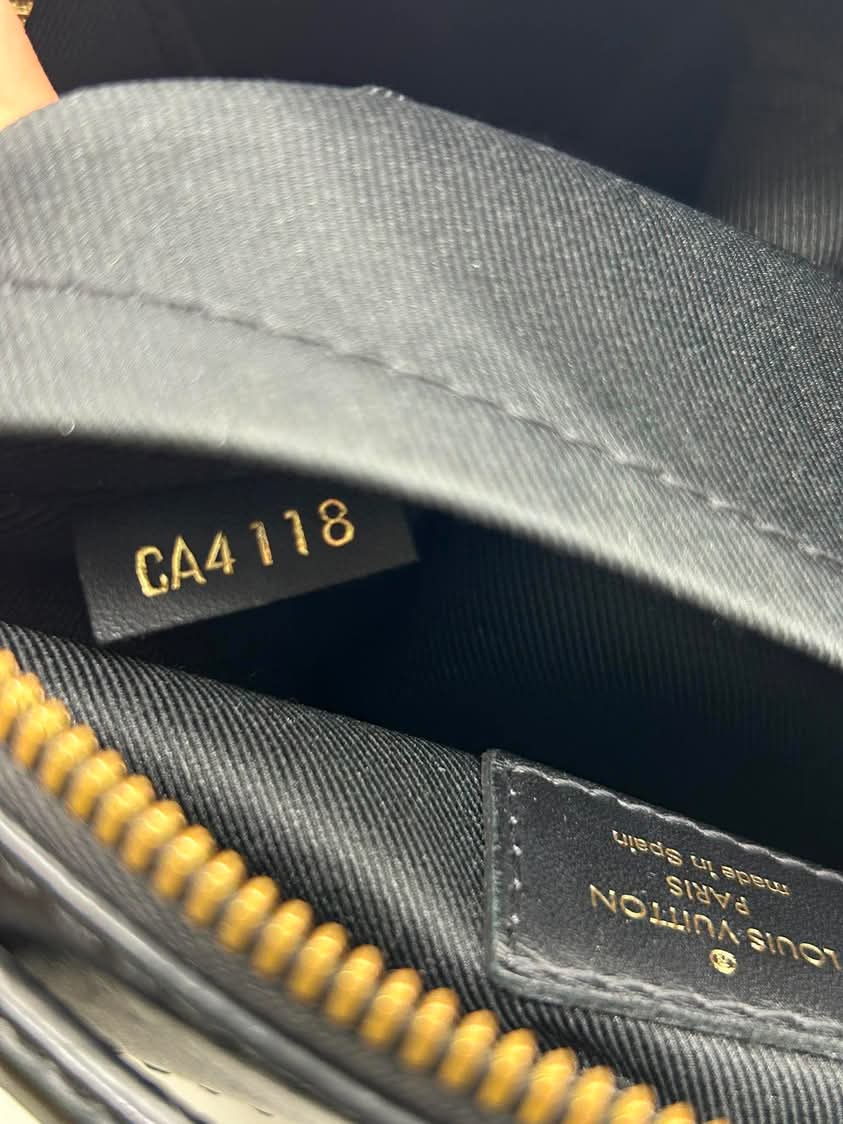 Louis Vuitton Monogram Saintonge Black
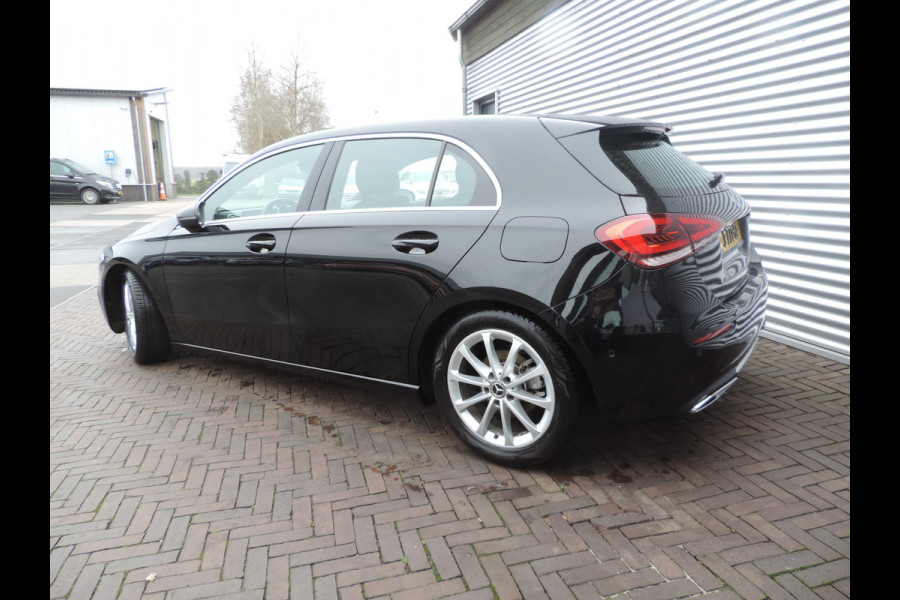 Mercedes-Benz A-Klasse 180 Business Solution Luxury sfeer licht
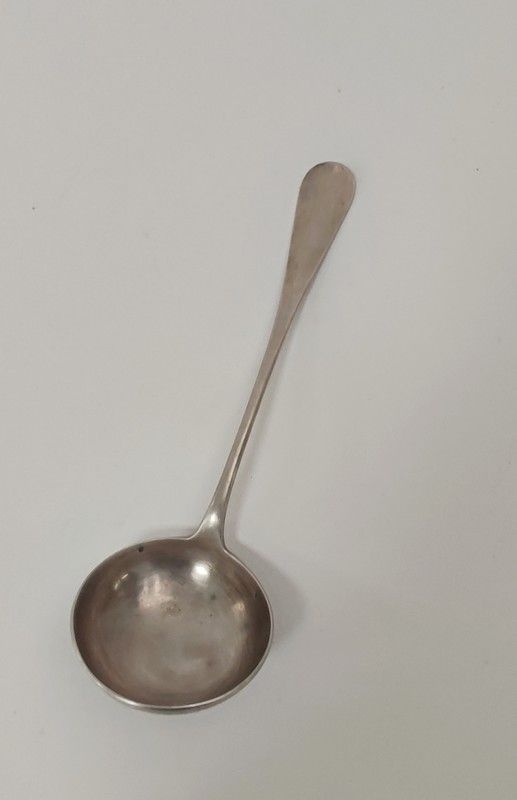 LOUCHE en argent modèle uni plat.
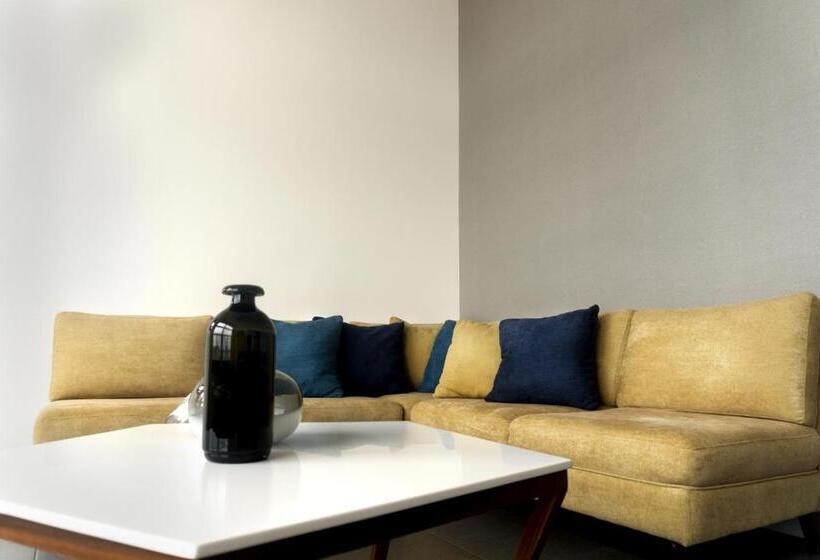 家庭套房, La Cima Del Valle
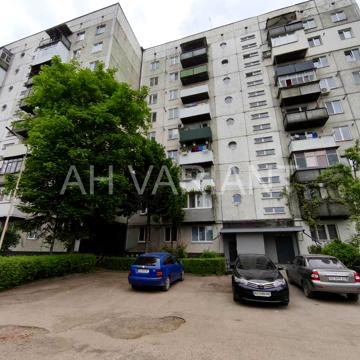 Минайська вул., 10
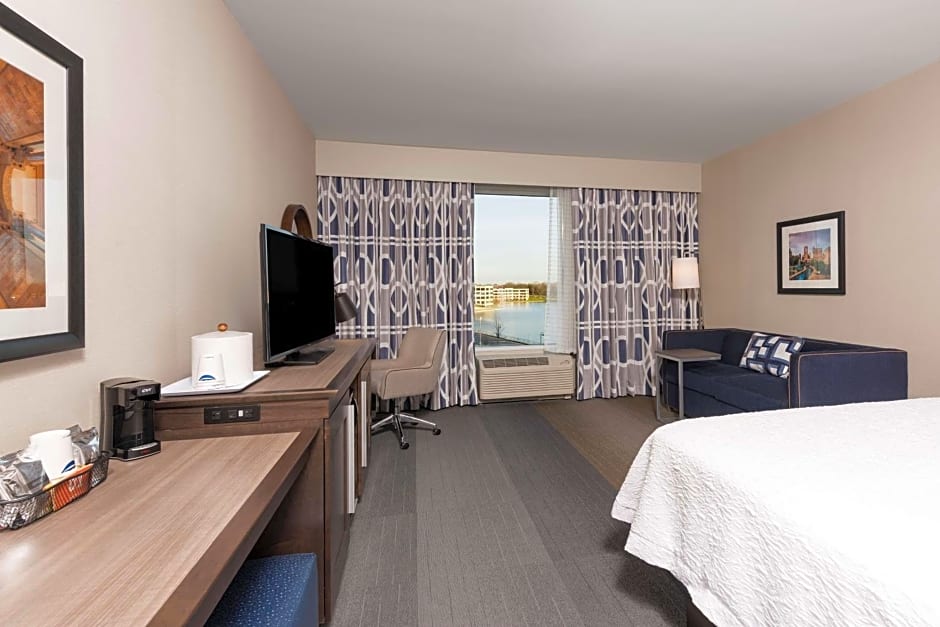 Hampton Inn By Hilton & Suites Indianapolis-Keystone, IN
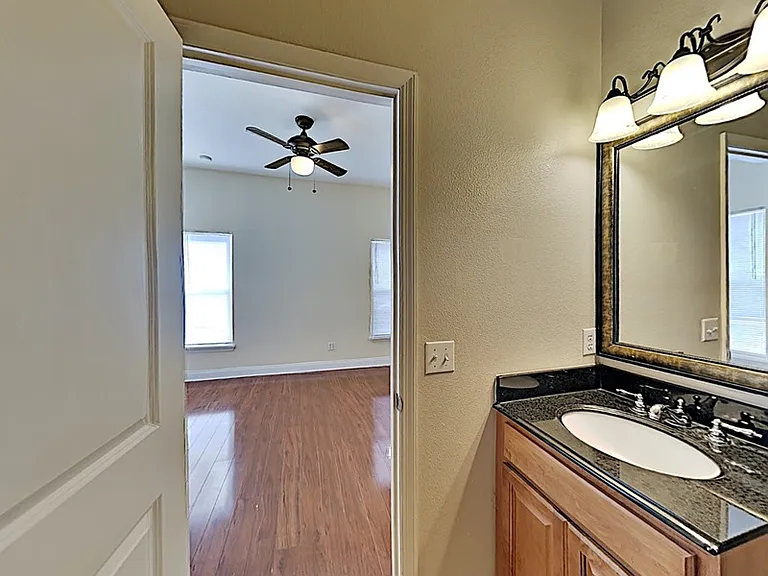 1210 Catherine St — Photo 16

---------------

Each record, word for word, should be printed again without its pictures.

*ANSWER BOX*
 Louis Vuitton Monogram Saintonge Black
 Mercedes-Benz A-Klasse 180 Business Solution Luxury sfeer licht
 LOUCHE en argent modèle uni plat.
 家庭套房, La Cima Del Valle
 Минайська вул., 10
 Hampton Inn By Hilton & Suites Indianapolis-Keystone, IN
 1210 Catherine St — Photo 16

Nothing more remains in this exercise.